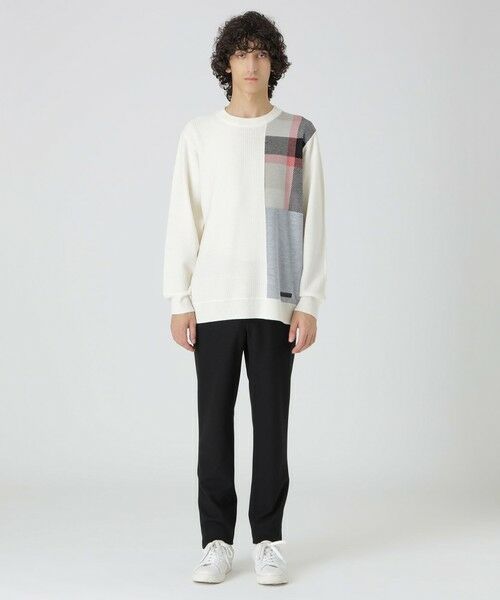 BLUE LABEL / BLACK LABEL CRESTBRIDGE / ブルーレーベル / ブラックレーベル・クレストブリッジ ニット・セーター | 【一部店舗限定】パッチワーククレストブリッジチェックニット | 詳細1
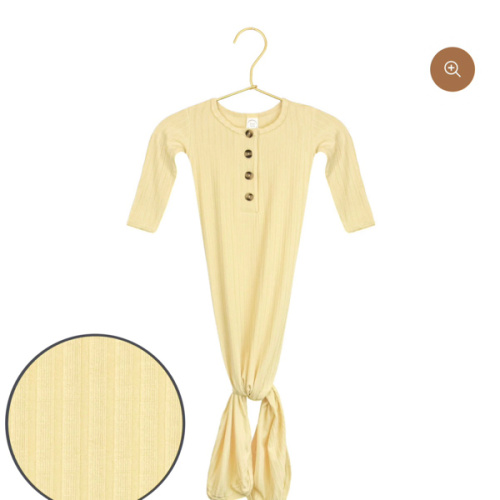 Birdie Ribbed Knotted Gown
-*-
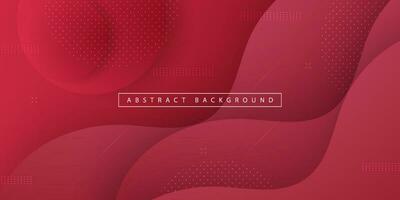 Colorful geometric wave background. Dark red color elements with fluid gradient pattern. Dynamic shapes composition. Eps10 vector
-*-
- [YOUR OBJECTIVE] Set down again, exactly, every line above from the one with "BLUE LABEL /" down to the one with "Birdie Ribbed Knotted Gown", both ends included. No pictures, and nothing else.

- [EXERCISE RESPONSE]
 BLUE LABEL / BLACK LABEL CRESTBRIDGE / ブルーレーベル / ブラックレーベル・クレストブリッジ ニット・セーター | 【一部店舗限定】パッチワーククレストブリッジチェックニット | 詳細1
 Birdie Ribbed Knotted Gown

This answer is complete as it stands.